Das EU-Parlament stimmt vorerst lediglich über eine rechtlich nicht bindende Resolution zu TTIP ab, die der EU-Kommission die Position der Abgeordneten zeigen soll. Damit hofft das EU-Parlament, die laufenden Verhandlungen zwischen EU-Handelskommissarin Cecila Malmström und den USA zu beeinflussen. Um in Kraft treten zu können, braucht TTIP, einmal ausverhandelt, nämlich deren Zustimmung. Zumindest die Resolution dürfte am morgigen Mittwoch aber grünes Licht bekommen, glaubt der SPÖ-Europaabgeordnete Eugen Freund: "Es sind alle EVPler, alle ALDE-Mitglieder und die Mehrheit der europäischen Sozialdemokraten dafür."

Kritik von Grünen und FPÖ

Kritik kam am Dienstag aber weiterhin von den Grünen sowie den Rechts- und Linksfraktionen, deren Abgeordnete vielfach mit "Stop-TTIP"-T-Shirts und -Schildern im Plenum erschienen sind. Die Kompromissformulierung von Schulz sei zwar "wohlfeil", sagte etwa der Grünen-Abgeordnete Michel Reimon, "nur wird am Schluss nicht das kommen, was da drinnen steht". Er hätte sich eine Passage gewünscht, in der klar stehe, "wir lehnen den Investitionsschutz ab". Dem stimmte in seltener Einigkeit auch der FPÖ-Abgeordnete Franz Obermayr zu. "Wenn ISDS drinnen steht, können wir das nicht unterstützen", sagte er.

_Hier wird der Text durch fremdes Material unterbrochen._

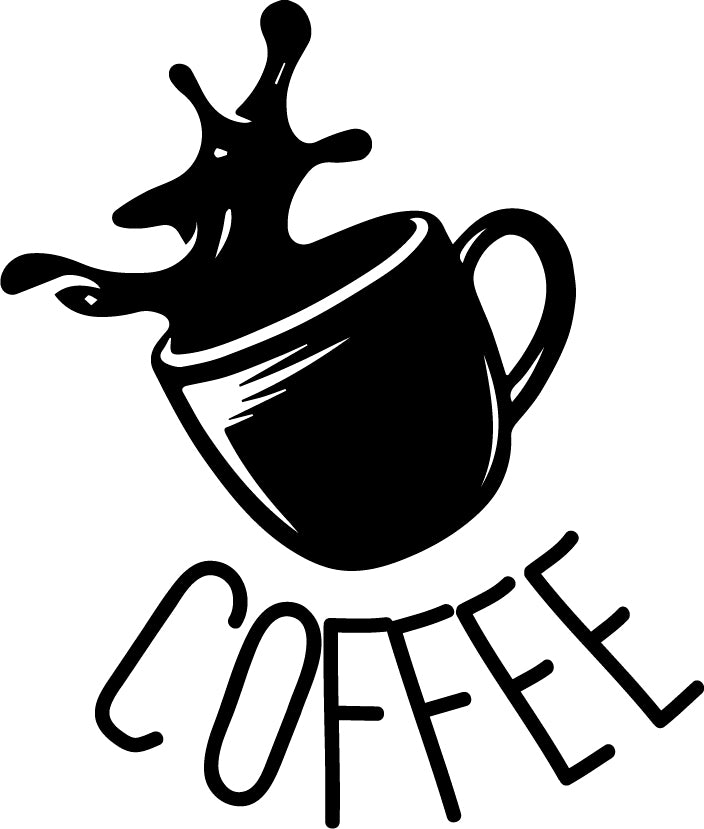 Coffee Cup Sign - Wall Art Decal 27" x 23" - Cafe Wall Decor - Peel Off Vinyl Stickers for Walls - Cute Vinyl Decal Decor - Coffee Lovers Gift - Coffee Wall Art Decoration - Kitchen Wall Decor (Black) 1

Erfreut zeigte sich neben den NEOS vor allem auch die ÖVP. Mit dem Kompromiss liege nun eine Formulierung vor, mit der man "den Menschen Ängste und Sorgen" vor TTIP nehme, betonte ÖVP-Delegationsleiter Othmar Karas. "Wir brauchen eine globale Wirtschafts- und Sozialordnung und dafür ist das Handelsabkommen ein wichtiger erster Schritt." Fest steht für ihn, dass die Resolution weiterhin einen Investorenschutz beinhaltet, egal wie vage die Formulierung gewählt ist: "Wenn die Sozialdemokraten diese Formulierung brauchen, um festzustellen, dass das ein Investorenschutz ist, ohne es zuzugeben, soll mir das recht sein."